▶ EXERCISE:
Leave out the pictures and give back all the entries exactly as written.

= Beginning of Section =

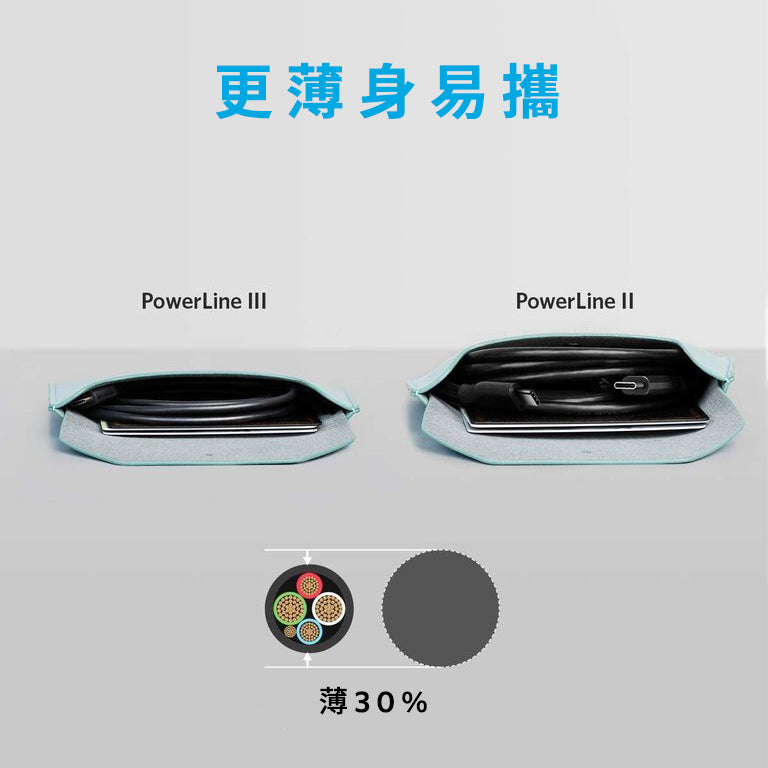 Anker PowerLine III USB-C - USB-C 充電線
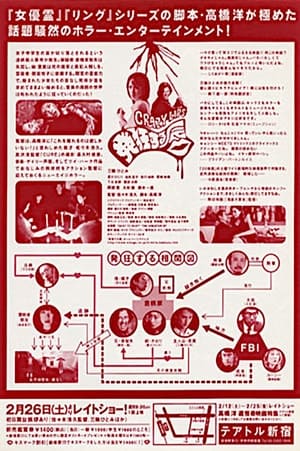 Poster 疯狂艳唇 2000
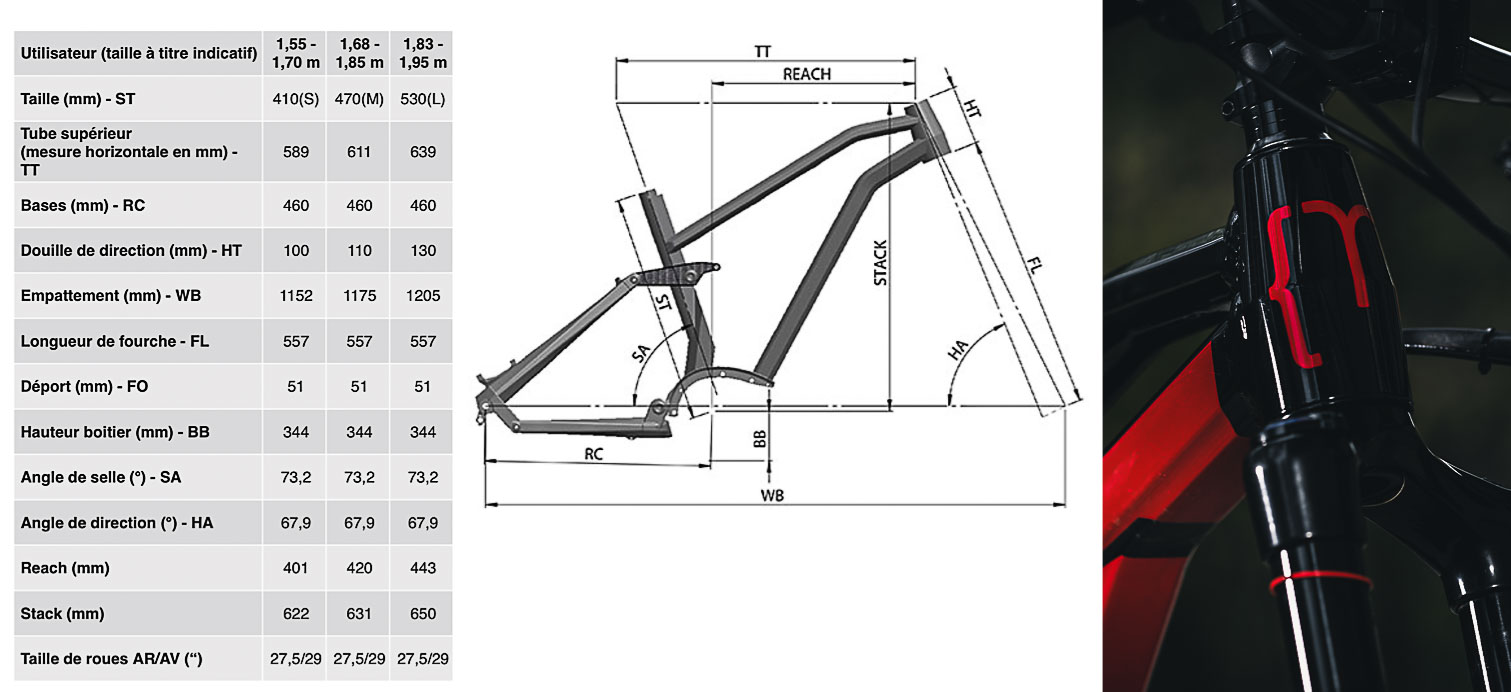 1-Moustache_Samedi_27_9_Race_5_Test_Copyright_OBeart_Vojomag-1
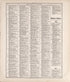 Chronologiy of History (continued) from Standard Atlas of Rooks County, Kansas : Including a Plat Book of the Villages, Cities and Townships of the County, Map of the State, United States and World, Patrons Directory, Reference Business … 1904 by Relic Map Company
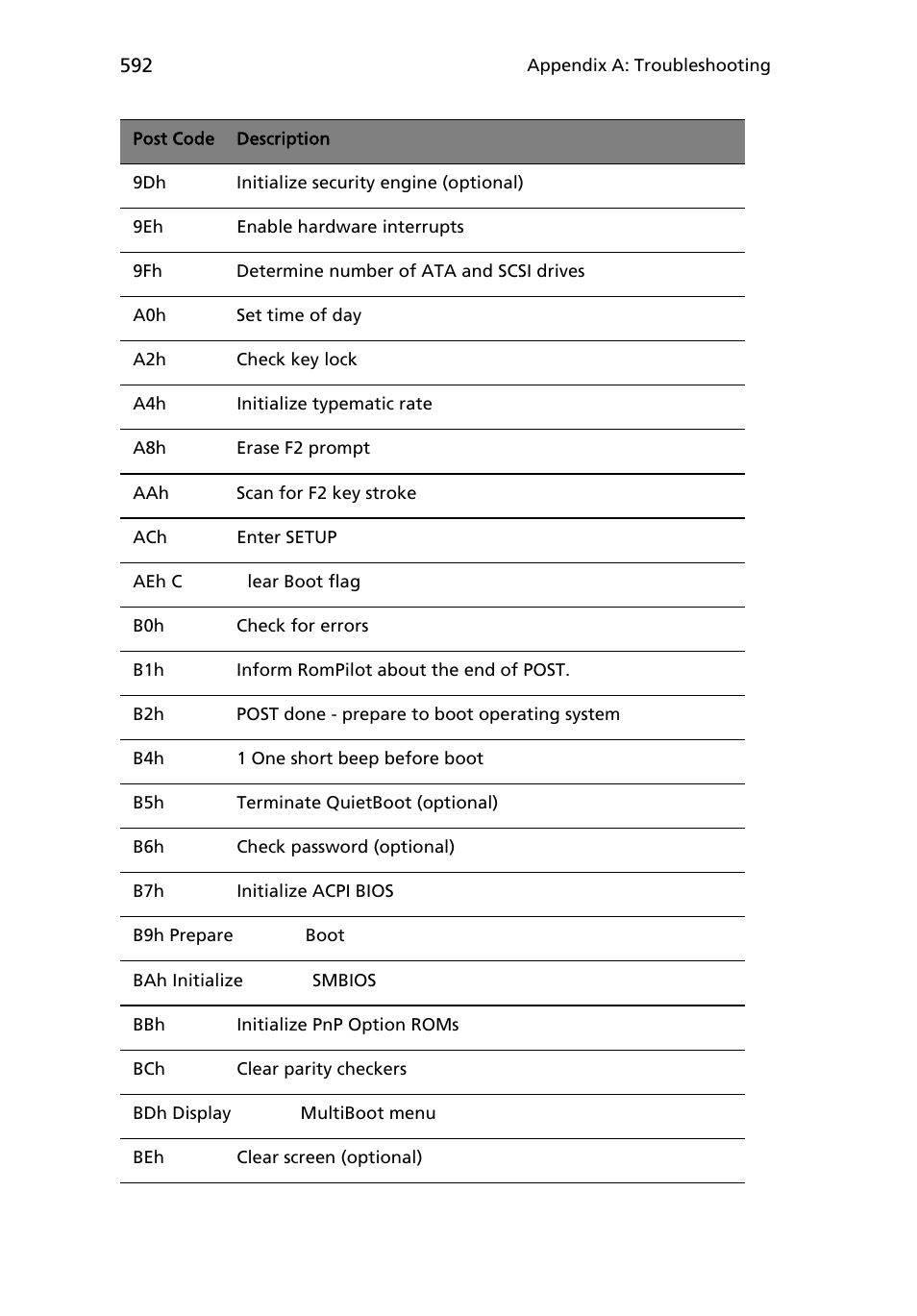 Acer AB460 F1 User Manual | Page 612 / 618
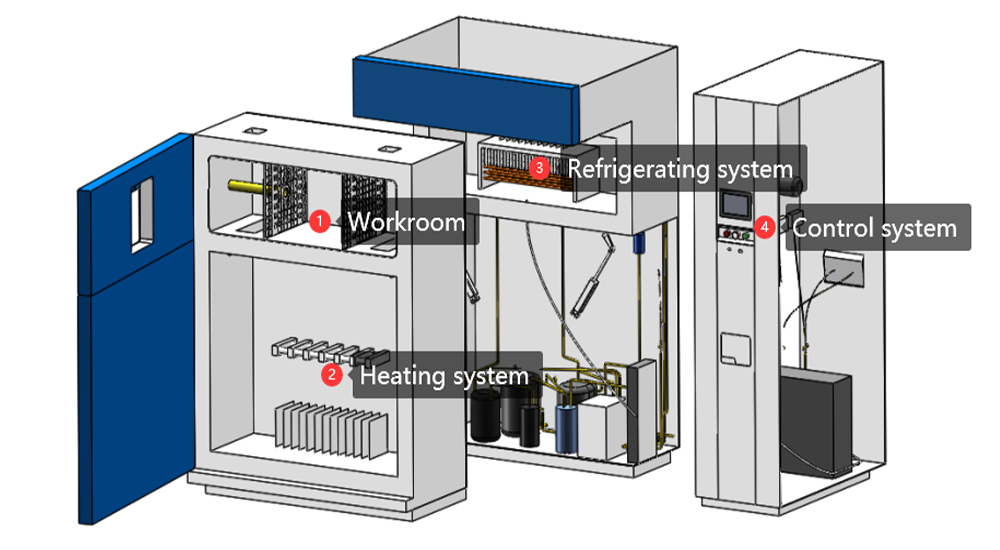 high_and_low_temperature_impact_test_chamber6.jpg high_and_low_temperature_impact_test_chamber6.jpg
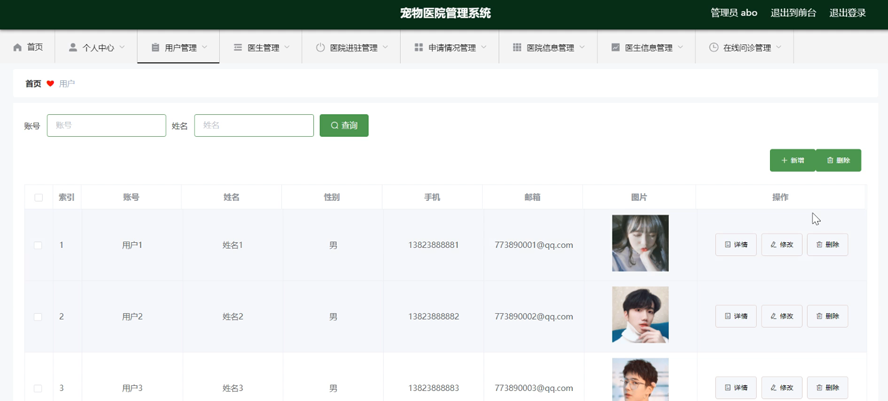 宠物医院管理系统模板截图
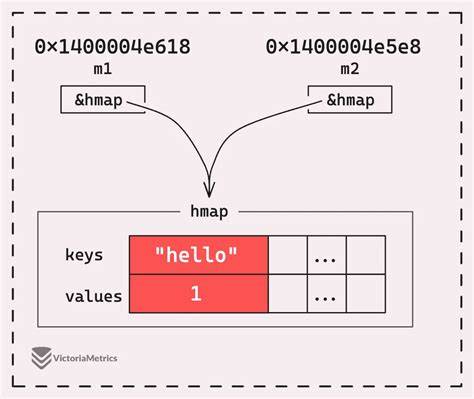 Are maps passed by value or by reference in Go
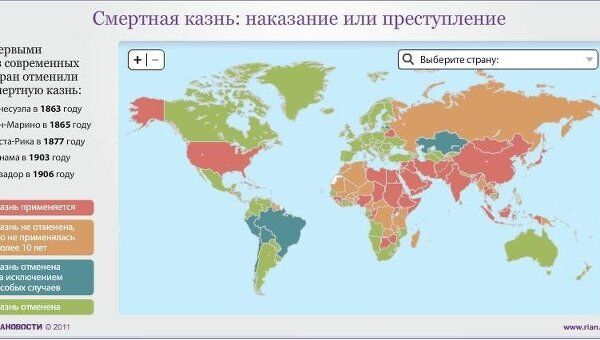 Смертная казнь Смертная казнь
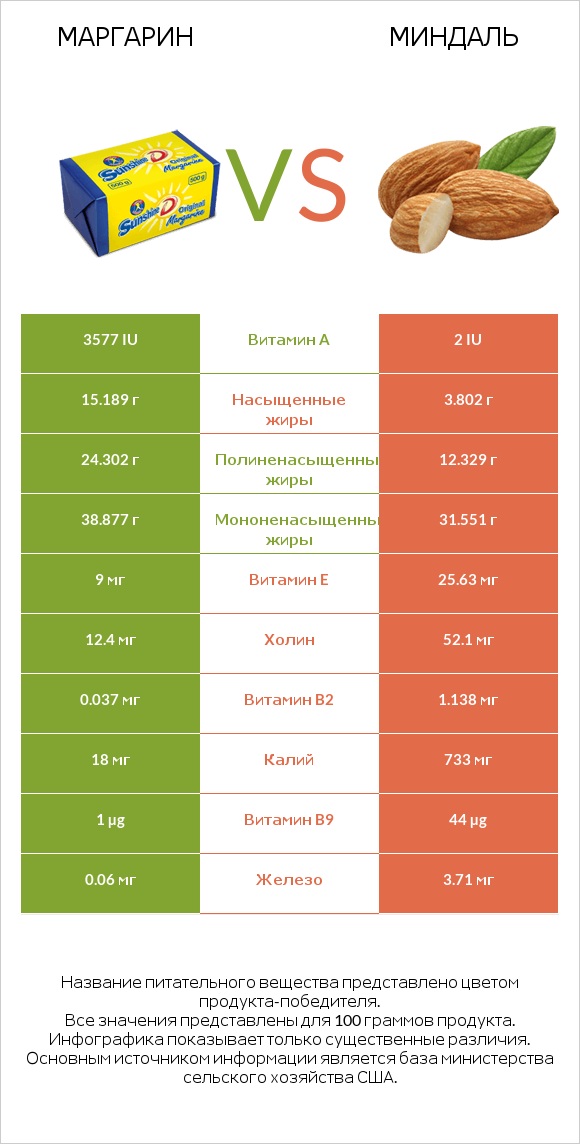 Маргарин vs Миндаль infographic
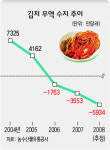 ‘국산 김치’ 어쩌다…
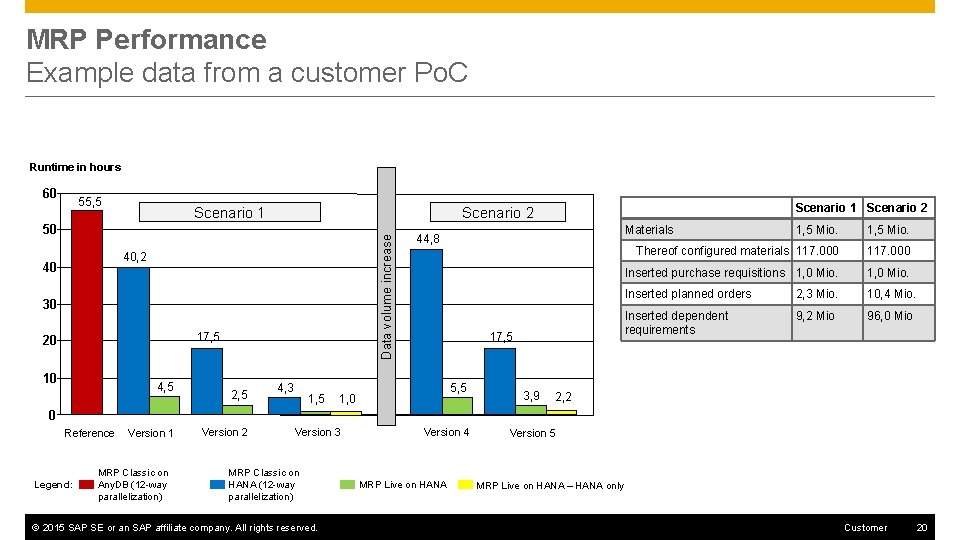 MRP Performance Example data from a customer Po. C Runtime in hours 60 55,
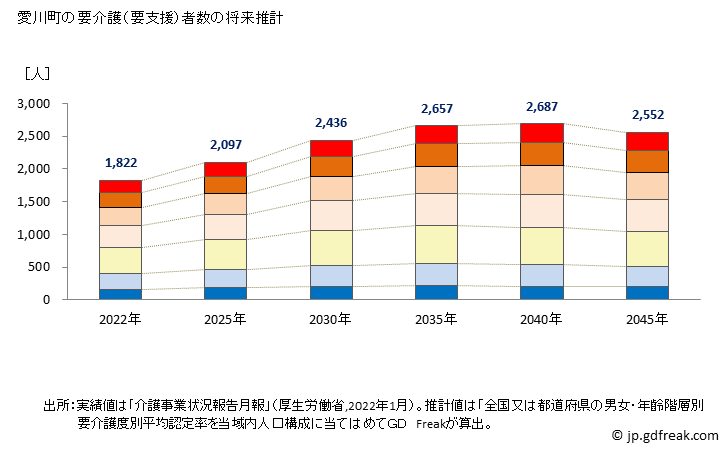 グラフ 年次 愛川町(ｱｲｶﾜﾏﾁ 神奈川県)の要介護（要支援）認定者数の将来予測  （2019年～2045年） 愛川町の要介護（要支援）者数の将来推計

= End of Section =

▶ TASK ANSWER:
 Anker PowerLine III USB-C - USB-C 充電線
 Poster 疯狂艳唇 2000
 1-Moustache_Samedi_27_9_Race_5_Test_Copyright_OBeart_Vojomag-1
 Chronologiy of History (continued) from Standard Atlas of Rooks County, Kansas : Including a Plat Book of the Villages, Cities and Townships of the County, Map of the State, United States and World, Patrons Directory, Reference Business … 1904 by Relic Map Company
 Acer AB460 F1 User Manual | Page 612 / 618
 high_and_low_temperature_impact_test_chamber6.jpg high_and_low_temperature_impact_test_chamber6.jpg
 宠物医院管理系统模板截图
 Are maps passed by value or by reference in Go
 Смертная казнь Смертная казнь
 Маргарин vs Миндаль infographic
 ‘국산 김치’ 어쩌다…
 MRP Performance Example data from a customer Po. C Runtime in hours 60 55,
 グラフ 年次 愛川町(ｱｲｶﾜﾏﾁ 神奈川県)の要介護（要支援）認定者数の将来予測  （2019年～2045年） 愛川町の要介護（要支援）者数の将来推計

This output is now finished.